Task prompt: Copy the records below exactly, starting at the line that contains "Come on Home for Homecoming" and ending at the line that contains "толоки пройшли в"; leave out any pictures.
### Records for the task ###
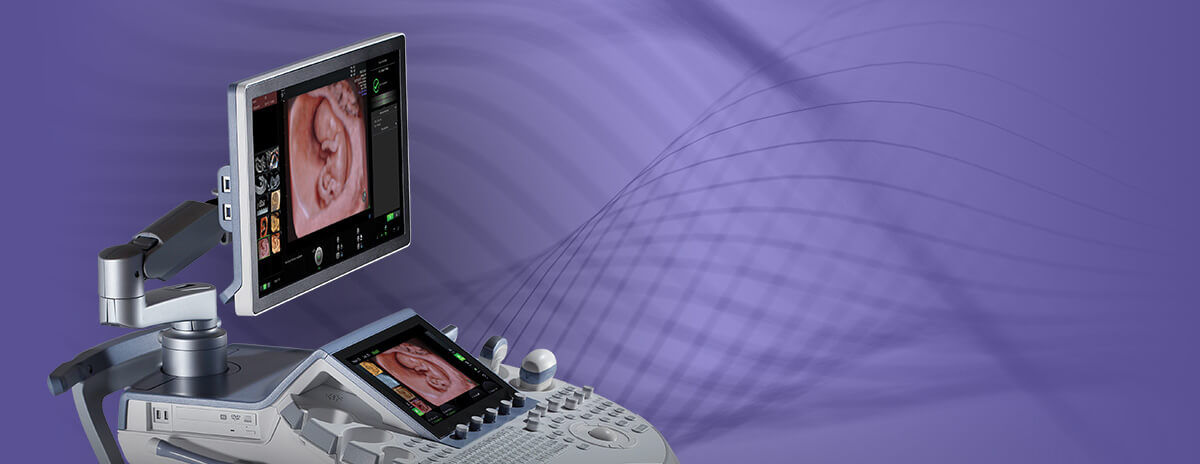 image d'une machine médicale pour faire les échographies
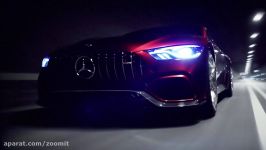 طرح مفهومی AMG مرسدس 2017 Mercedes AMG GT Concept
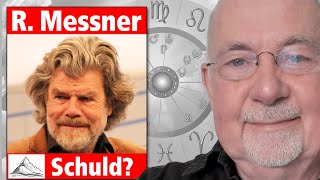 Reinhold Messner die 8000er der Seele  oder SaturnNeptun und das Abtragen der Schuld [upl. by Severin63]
###
### Records for the task ###
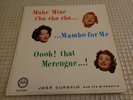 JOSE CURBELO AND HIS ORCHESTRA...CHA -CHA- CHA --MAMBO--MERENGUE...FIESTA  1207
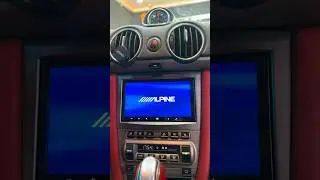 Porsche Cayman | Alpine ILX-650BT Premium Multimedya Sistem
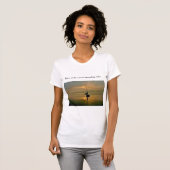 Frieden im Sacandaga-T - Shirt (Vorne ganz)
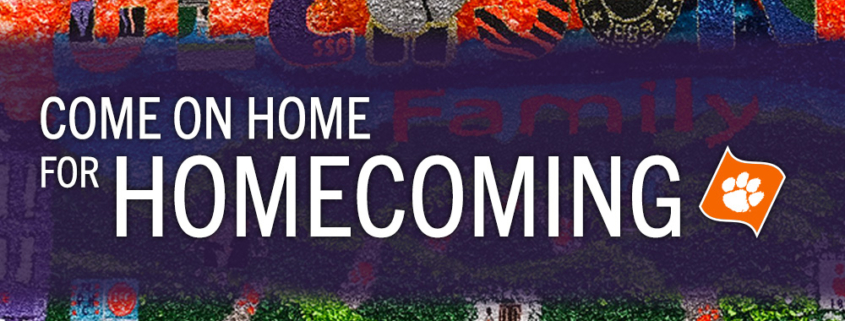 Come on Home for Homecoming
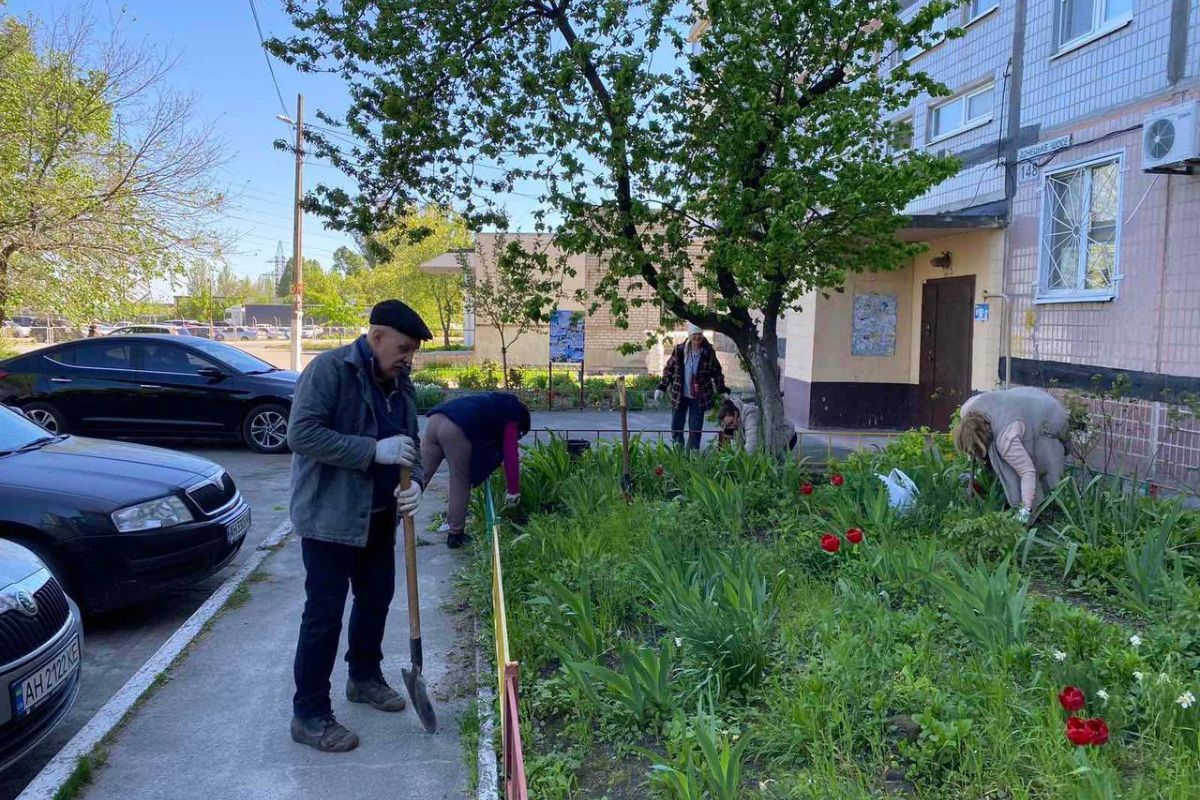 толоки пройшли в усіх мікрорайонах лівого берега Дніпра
###
### Records for the task ###
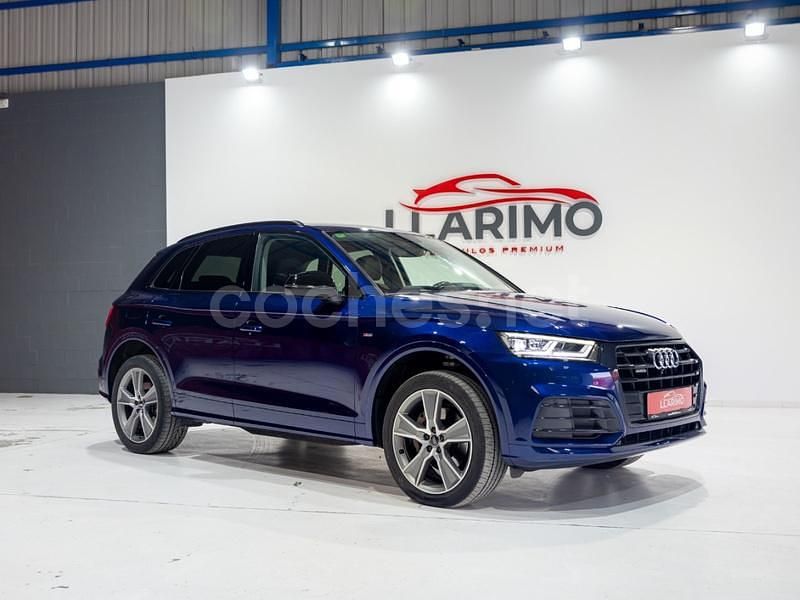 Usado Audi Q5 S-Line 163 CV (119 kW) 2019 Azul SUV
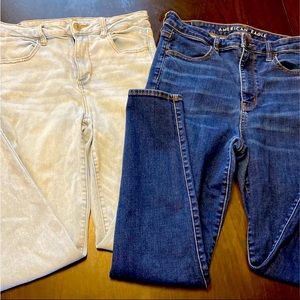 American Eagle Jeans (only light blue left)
###
Completed exercise:
 Come on Home for Homecoming
 толоки пройшли в усіх мікрорайонах лівого берега Дніпра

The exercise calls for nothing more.